Seminar

Extrapolation in Games of Coordination and Dominance Solvable Games

Friederike Mengel (Universite de Maastricht)

May 27, 2010, 15:30–17:00

Toulouse

Room MF 323

BEE Seminar

Abstract

We study extrapolation between games in a laboratory experiment. Participants in our experiment first play either the dominance solvable guessing game or a Coordination version of the guessing game for five rounds. Afterwards they play a 3x3 normal form game for ten rounds with random matching which is either a game solvable through iterated elimination of dominated strategies (IEDS) or a pure Coordination game. We find strong evidence that participants do extrapolate between games. Playing a strategically different game hurts compared to the control treatment where no guessing game is played before and in fact impedes convergence to Nash equilibrium in both the 3x3 IEDS and the Coordination game.

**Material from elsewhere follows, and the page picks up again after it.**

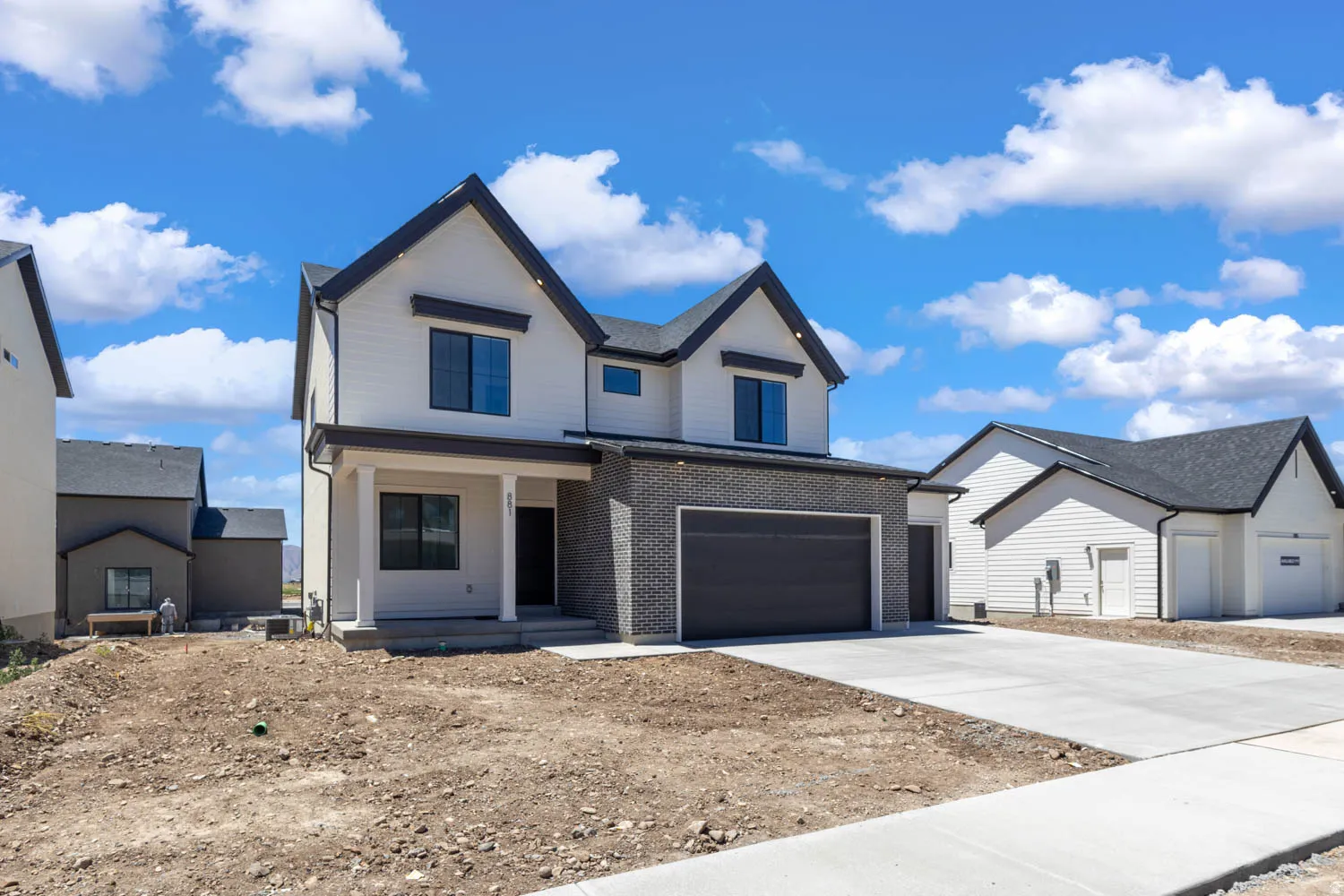 Modern two-story residence featuring white siding, dark trim, a covered entry with columns, and an integrated garage with a dark door, complemented by a concrete driveway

Playing a strategically similar game before leads to better (faster) learning in the second game. We also find evidence for 'naive extrapolation'. Participants tend to choose actions which are labeled similarly to succesful actions in the guessing game with higher probability in the first rounds of the 3x3 game. This effect is much stronger in the Coordination games. On balance extrapolation helps play in games solvable through deliberative reasoning (such as IEDS), but the effect is ambigous in games where some intuition is needed to reach a Nash equilibrium (such as pure Coordination games).